07 July 2015


In Midvalley Mall in KL a couple of years ago now, I bought white plimsolls at Zara. They were John Lennon shoes, like ones if you look in that famous Abbey Road picture. I got them on sale at a time that I felt I needed to let go a bit, stop worrying and get some of the things I needed, like new shoes and some shirts and shorts. I thought of all the things the kids needed or wanted: anything for yourself as a parent seems selfish, even when it's needed. Still, the shoes were perfect: I took off my sandals and wore them the rest of the day.

Midvalley was a retreat for the family at the time, the Pihlajas of Kajang, where on a Saturday, we could go and pretend to get away from the kampung, the local area, where we were living. In Midvalley, the air conditioners pumped on and on, and there was Starbucks and Aeon, the Japanese supermarket that wasn't really a Japanese supermarket. And Zara, of course. Now, as I think about it and remember, all the bad bits, the insecurities of schools and taxes and my motorbike have been chipped off and all I remember is sitting in Starbucks, the sun shining outside, like we were on a very brief holiday from this mess that I had landed our family in, halfway around the world. Mia was still, if you can believe it, in a stroller.

These white plimsolls have treated me well, but now have holes in the toes. When I wear red socks, the red comes through and I think the holes are well-earned and make the shoes all the better, like they show the length of the journey. I've been thinking to buy some new ones, something for my birthday perhaps, but that moment seemed to have come and gone. Instead, we went to Pizza Express, as you do. Yoko got me Bombay gin and the suggestion that I should fly back to the States in August for a couple of weeks to see my dying grandfather and my new niece and nephew. It was a nice thought, but impractical. The gin was lovely. 

We're all getting relentlessly older: Mia will start school full time and I sat yesterday at the parent induction, holding a file full of different forms for me and Yoko to sign, giving them liberty to take pictures and change the kids' pants if they need it. I remembered that when Mei went to school full time, she became a little girl so quickly. And like that, now she is 6. She had a piano recital in St Augustine's in Edgbaston, a huge Catholic church with vaulted ceilings and spires. It was an impressive place for a first piano recital I thought, as an American — my first piano recital had been in an Evangelical church with carpet and a shiny grand piano. Mei played well, a proper little girl, and there were cakes and ice cream afterwards. The girls ran round and round the church and I shouted when they got too close to the road. 

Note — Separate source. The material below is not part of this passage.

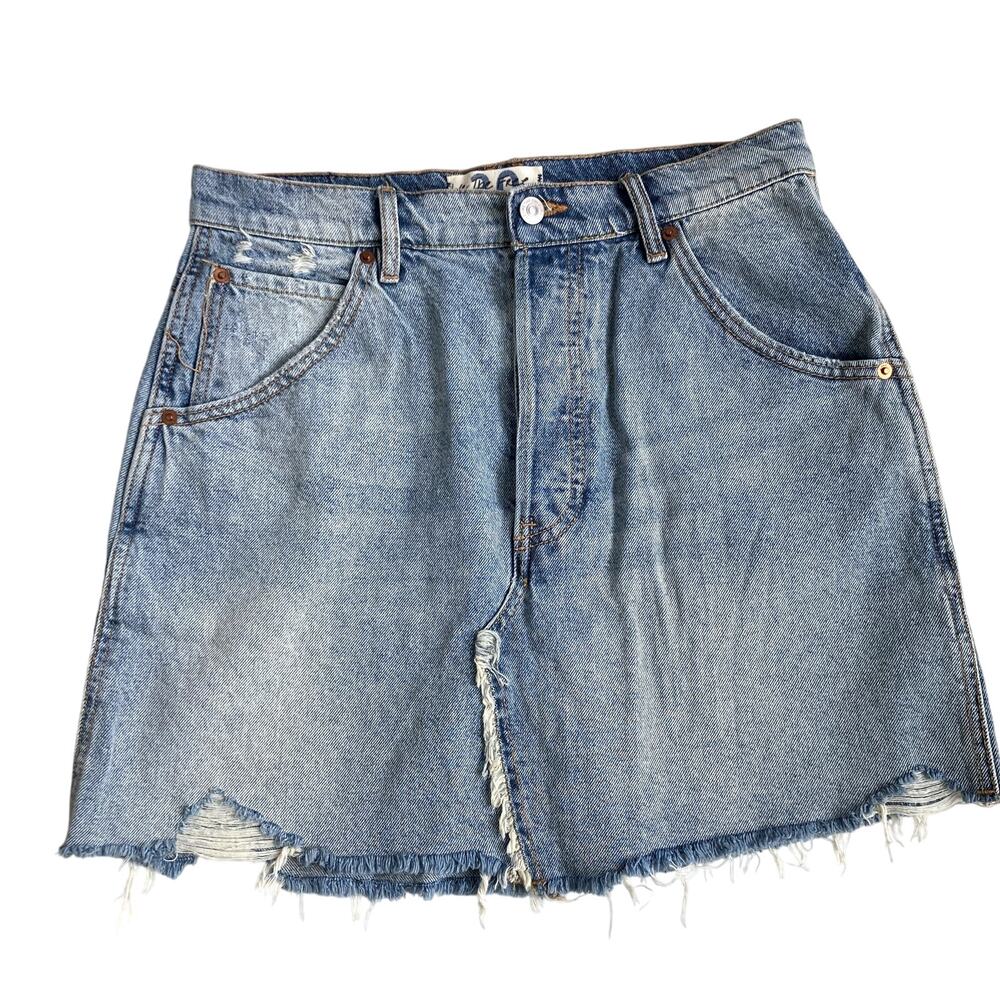 We The Free Distressed Denim Jean Skirt - 30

Relentlessly older, yes: another birthday party and a weekend of swimming and then swimming and then another birthday party. It all passes without you noticing. I sat and read Murakami's new book in English, The Strange Library, in a soft play birthday party centre called 'Treasure Island' — the sort of place where sad fat people pump children full of sugar and chemicals. In Murakami's books, there are no fat people or children — only young men who work and read and go for Ramen in Shinjuku or Ikebukuro. In The Strange Library, several worlds overlap and a man becomes a Turkish tax collector he is reading about, at least in his mind. A perfect Murakamian collapse. I looked up from the book at Mei running around, and thought of Istanbul and the call to prayer. Yoko wanted to buy a fish sandwich from the boats. We ate mulberries and walked around the Blue Mosque. There was a Starbucks there too, yes, and the cobblestone streets. The Adhan again and again: Inshallah, you will be back, someone says. Mei runs up to me, with her face painted, This is the best party ever, and runs off. It is? It can't be.